祖父が何を考えていたのかは誰も分かりませんが、
人の上に立つということについて、
これほどにも向き合った人はいないと思います。
「裏切り」
尊敬され、慕われていた祖父ですが、
不遇にも、自分の愛弟子から裏切られることとなります。
祖父のお店で働いていた弟子がお店を出すことになりました。
祖父は弟子を信頼し、そのお店の保証人となります。
しかしながら、弟子の奥さんは自分の私欲のために散財。
お店の支払いは滞り、多額の借金を背負います。
そして、弟子とその家族は夜逃げ。
当然のこと、保証人となった祖父にその責任がのしかかりました。
山や広大な土地を持っていた祖父でしたが、
すべて売却。ほとんど無一文になってしまいました。
誰よりも人に尽くした人が、
最も信頼していた弟子に裏切られることになってしまいました。
そして今もその弟子の行方は分かりません。
祖父は傷を負ったままこの世を去ることになります。
祖父の死
「来年の春休み会いに行くよ」
一年前から祖父を訪れる日程を決めていました。
福岡から長野に出発する日の早朝5時。電話が鳴りました。
何か嫌な予感がしました。
「じいちゃんが倒れた。」
一年前から会うと決めていたちょうどその日。
祖父はこの世を去りました。
祖父の家に着くと、冷蔵庫の中に寿司が入っていました。
祖父が自ら魚を仕入れ、
祖父が最も信頼する弟子に握らせた、
一緒に食べるはずの寿司でした。
今まで食べた中で一番美味しいお寿司でした。
そして、祖父はいつでも人のことばかりでした。
祖父の言葉
祖父は僕に言いました。
「一生懸命学びなさい。」
祖父は母に言いました。
「子どもに学ばさせなさい。
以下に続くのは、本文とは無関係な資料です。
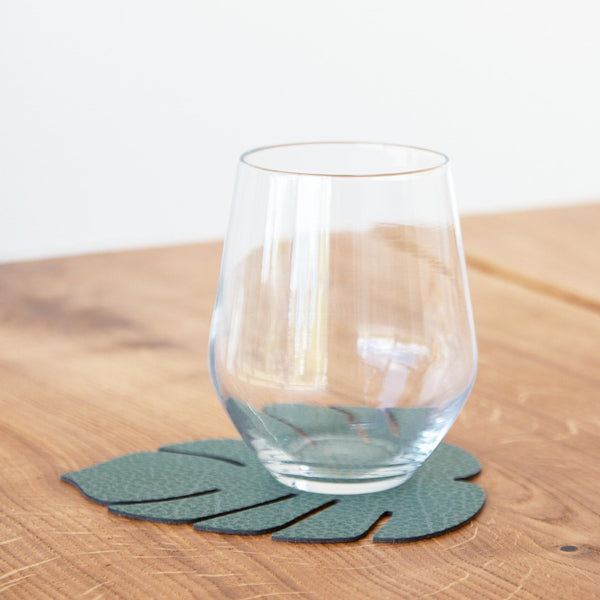 Lind DNA Leather Leaf Coaster - Pastel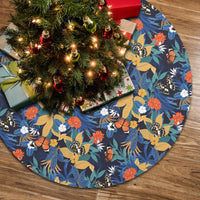 Tropical Buttterfly And Flower Tree Skirt - Polynesian Pride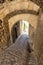 Narrow street in medieval town Gordes. Provence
」
中学校を卒業し、家族にも恵まれず、
学ぶことができなかった祖父。
学ぶことの大切さは誰よりも知っていました。
孫である僕には「心ゆくまで学んで欲しい」と
お金まで残してくれました。
そのおかげで僕は学ぶことができています。
また人のことばかりです。
ありがとう。
遠くから見守っていてね。
最後に
祖父の寿司屋の湯吞みに書かれている言葉があります。
”腹は立てず 気は長く 人は大きく 心は丸く”
祖父ほどこの言葉が似合う人はきっといません。
「『何を言うか』でなく『誰が言うか』で言葉は力を帯びる」
きっとこれは間違っていないと思います。
僕はこの言葉を小さい頃から大切にしてたし、
祖父のことを誰よりも憧れていたはずなのに、
相変わらずの僕です。
まだまだこの言葉が似合う男にはなれていません。
イライラするし、人は小さいし、心はトゲトゲしてます。
もう一つ湯吞みに書いていた言葉があります。
人生は素晴らしきかな。
こんなに波乱万丈であった祖父の人生。
それでも祖父は誰よりもその人生を楽しみ、
幸せに過ごしているように見えました。
そして、祖父の周りにはいつも素敵な人が溢れていました
僕はまだまだ至らないことが多いし、
不甲斐なさを感じてばかり。
華々しい道を歩んできたわけではないけれど、
ぼくはとても幸せです。
たくさんの素敵な人に囲まれて生きています。
僕はみんなのために何ができているだろうか。
そんなことを中学生の頃からずっと考えているけど、
まだ分かりません。
それでもそれを探すことはやめたくないし、
この一度きりの人生を歩み進めていく中で、
僕に関わる一人でも多くの人が、
幸せになってくれたら僕は嬉しいです。
”腹は立てず 気は長く 人は大きく 心は丸く”
この言葉が似合う人間になりたいなぁ。